Option Duration. The 1996 Plan requires that each Option shall expire
on the date specified by the Board of Directors, but not more than ten years
from its date of grant in the case of Options generally. However, in the case of
any ISO granted to an employee owning more than 10% of the total combined voting
power of all classes of stock of the Corporation or any Related Corporation,
such ISO shall expire on the date specified by the Board of Directors, but not
more than five years from its date of grant.

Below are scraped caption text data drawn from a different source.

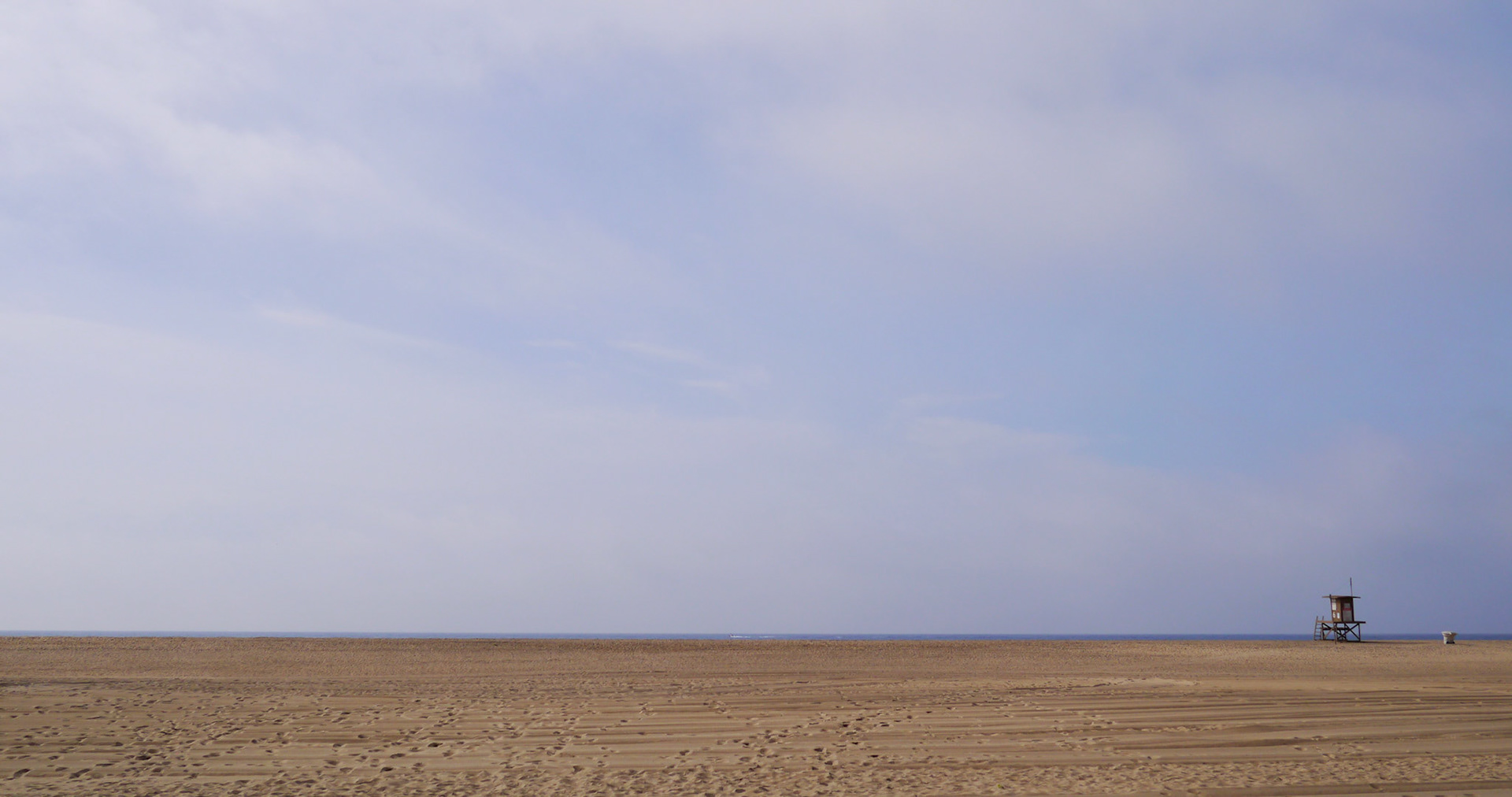 The beach!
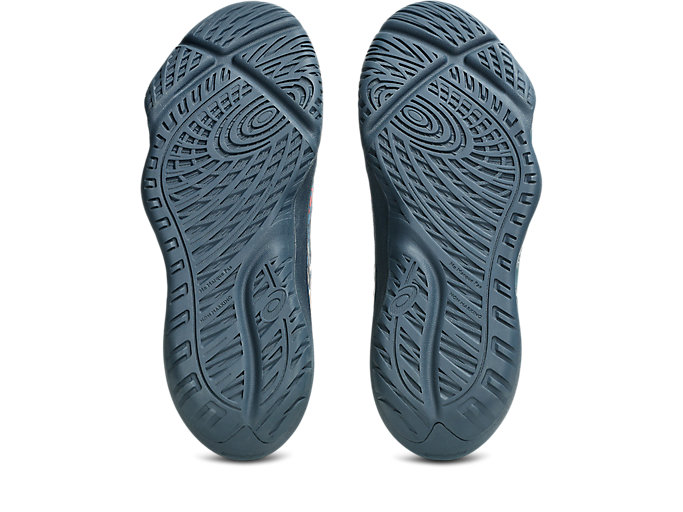 Sizing ASICS UNPRE ARS Low 3 籃球鞋 法藍/深藍綠 1063A141-400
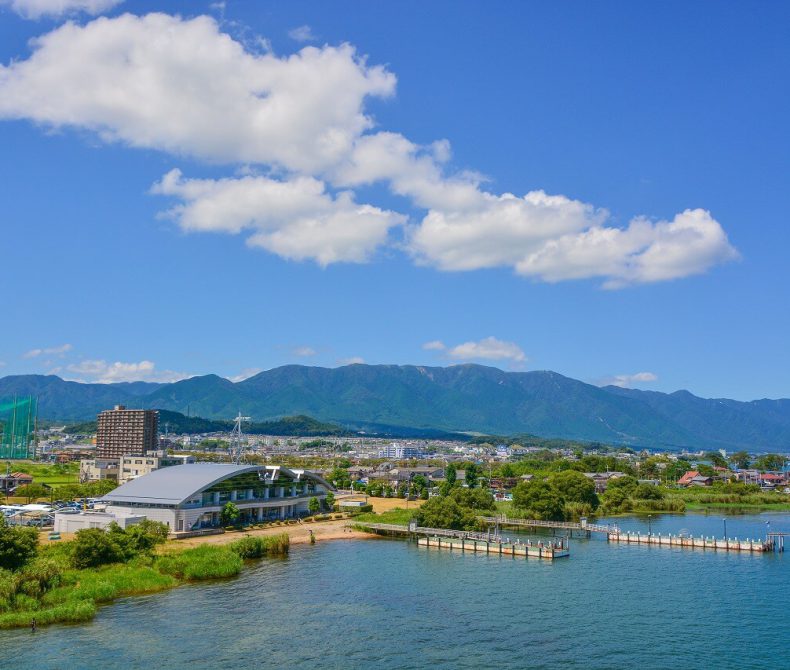 道の駅びわ湖大橋米プラザ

Exercise of Options and Payment for Stock. Each Option granted under
the 1996 Plan shall be exercisable as follows:
A. The Option will either be fully exercisable at the time
of grant or shall become exercisable in such installments as the Board of
Directors may specify.
B. Once an installment becomes exercisable, it remains
exercisable until expiration or termination of the Option, unless otherwise
specified by the Board of Directors.
C. Each Option may be exercised from time to time, in
whole or in part, up to the total number of shares with respect to which it is
then exercisable.
D. The Board of Directors shall have the right to
accelerate the date that any installment of any Option becomes exercisable.
However, the Board of Directors may not, without an employee's consent,
accelerate the permitted exercise date of any ISO granted to the employee if the
acceleration would violate Section 422(d) of the Code.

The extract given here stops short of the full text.